Please transcribe exactly, and only, the lines of the data below between the line holding "Central de diagnósticos" and the line holding "Rumah Bagus SHM", inclusive.

**********

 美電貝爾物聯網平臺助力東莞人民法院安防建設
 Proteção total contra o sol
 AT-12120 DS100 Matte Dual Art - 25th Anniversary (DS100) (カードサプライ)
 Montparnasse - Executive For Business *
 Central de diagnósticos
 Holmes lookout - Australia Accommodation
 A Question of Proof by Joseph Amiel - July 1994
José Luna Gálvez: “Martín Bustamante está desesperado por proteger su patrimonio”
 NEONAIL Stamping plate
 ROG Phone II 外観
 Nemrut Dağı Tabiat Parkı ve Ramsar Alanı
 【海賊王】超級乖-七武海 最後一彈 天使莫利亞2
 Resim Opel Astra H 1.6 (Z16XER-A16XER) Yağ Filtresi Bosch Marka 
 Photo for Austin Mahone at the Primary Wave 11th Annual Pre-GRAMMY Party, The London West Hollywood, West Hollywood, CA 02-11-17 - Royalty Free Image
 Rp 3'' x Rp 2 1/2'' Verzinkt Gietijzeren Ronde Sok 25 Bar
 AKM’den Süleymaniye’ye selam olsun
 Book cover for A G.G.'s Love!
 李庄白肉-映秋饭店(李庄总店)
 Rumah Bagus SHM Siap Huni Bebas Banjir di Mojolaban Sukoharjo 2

**********

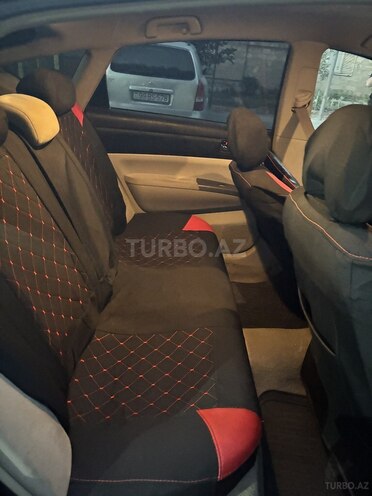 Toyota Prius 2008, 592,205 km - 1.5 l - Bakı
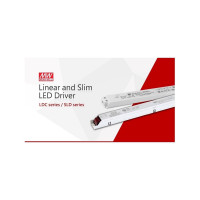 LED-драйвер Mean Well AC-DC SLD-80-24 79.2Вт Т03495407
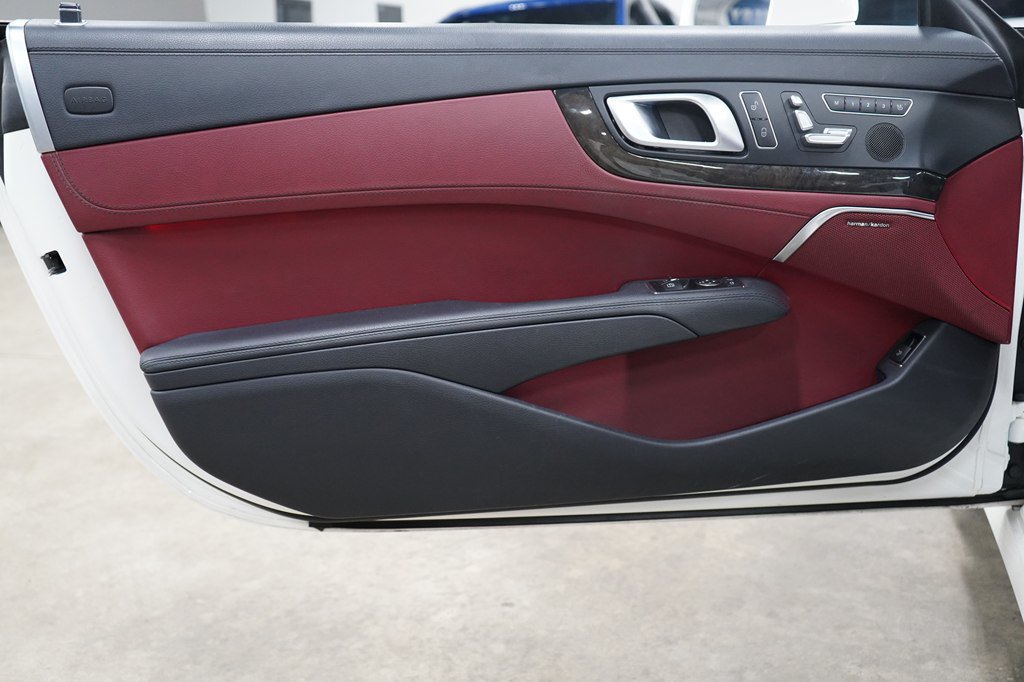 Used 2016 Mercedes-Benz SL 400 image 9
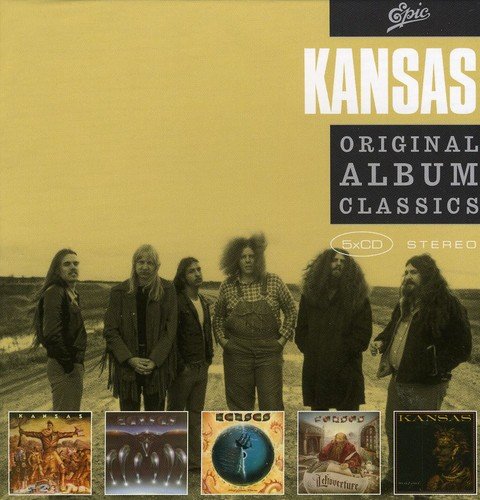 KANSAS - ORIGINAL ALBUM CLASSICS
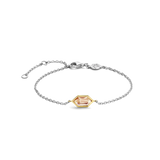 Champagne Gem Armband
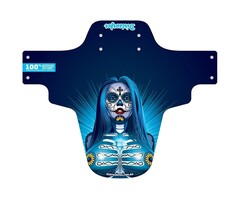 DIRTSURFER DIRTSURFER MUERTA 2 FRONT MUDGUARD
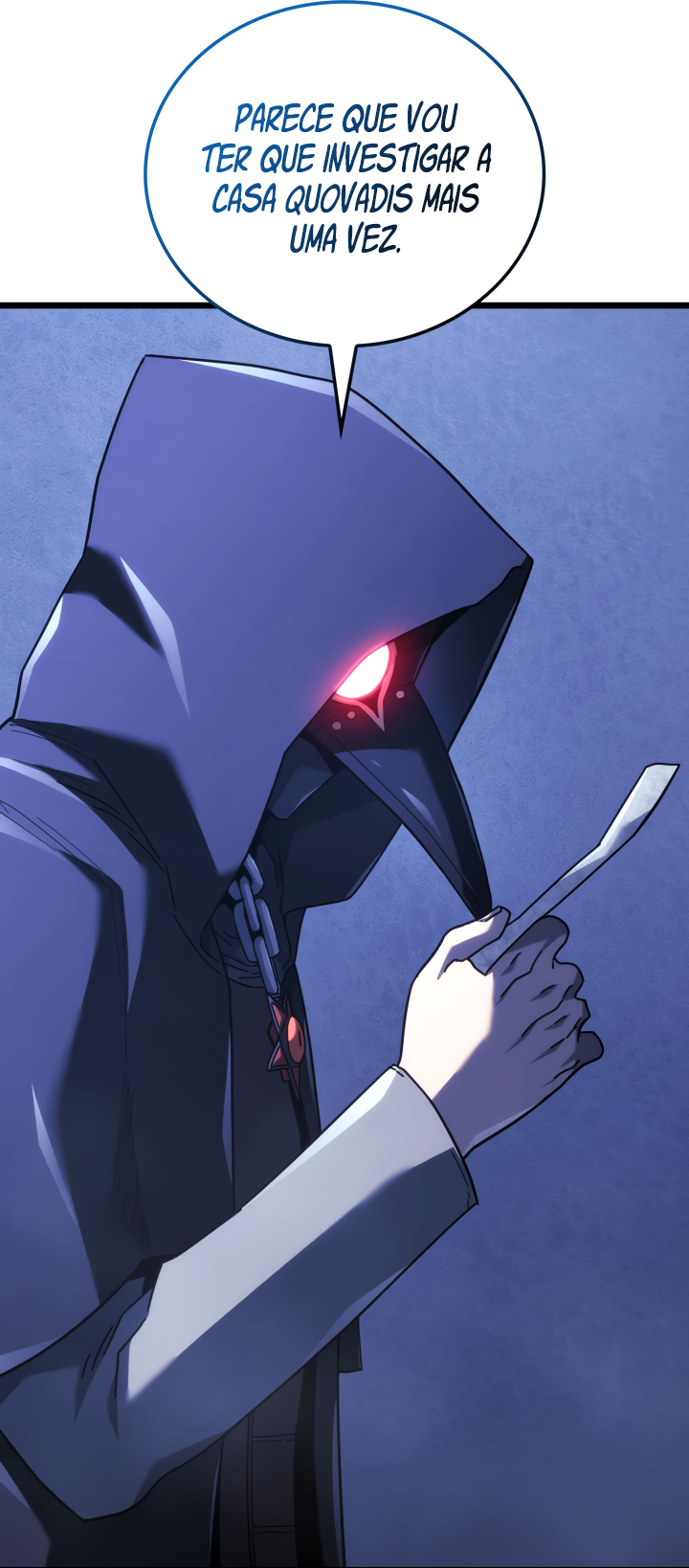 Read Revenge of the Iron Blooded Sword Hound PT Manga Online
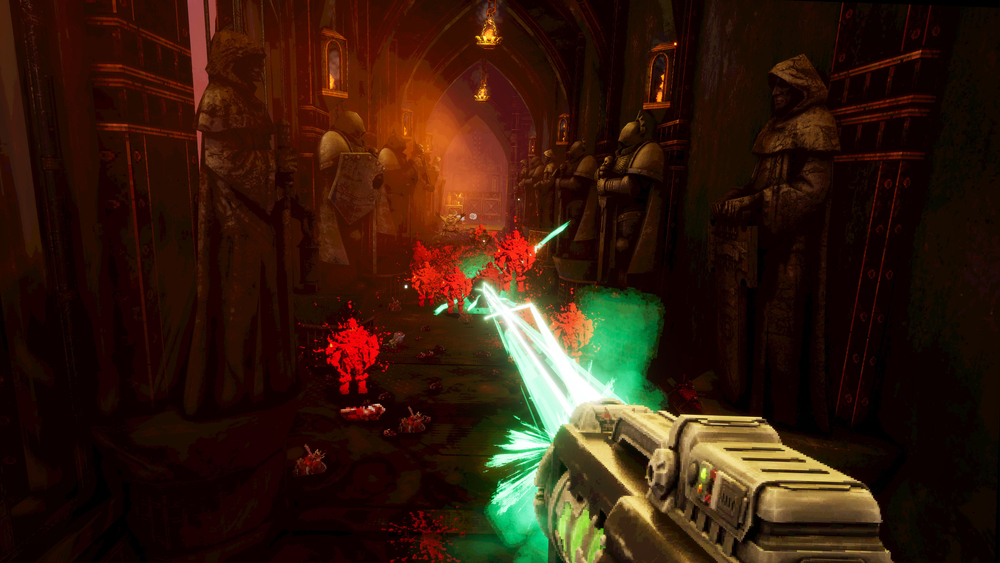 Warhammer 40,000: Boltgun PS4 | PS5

**********

- [RESULT]:
 Central de diagnósticos
 Holmes lookout - Australia Accommodation
 A Question of Proof by Joseph Amiel - July 1994
José Luna Gálvez: “Martín Bustamante está desesperado por proteger su patrimonio”
 NEONAIL Stamping plate
 ROG Phone II 外観
 Nemrut Dağı Tabiat Parkı ve Ramsar Alanı
 【海賊王】超級乖-七武海 最後一彈 天使莫利亞2
 Resim Opel Astra H 1.6 (Z16XER-A16XER) Yağ Filtresi Bosch Marka 
 Photo for Austin Mahone at the Primary Wave 11th Annual Pre-GRAMMY Party, The London West Hollywood, West Hollywood, CA 02-11-17 - Royalty Free Image
 Rp 3'' x Rp 2 1/2'' Verzinkt Gietijzeren Ronde Sok 25 Bar
 AKM’den Süleymaniye’ye selam olsun
 Book cover for A G.G.'s Love!
 李庄白肉-映秋饭店(李庄总店)
 Rumah Bagus SHM Siap Huni Bebas Banjir di Mojolaban Sukoharjo 2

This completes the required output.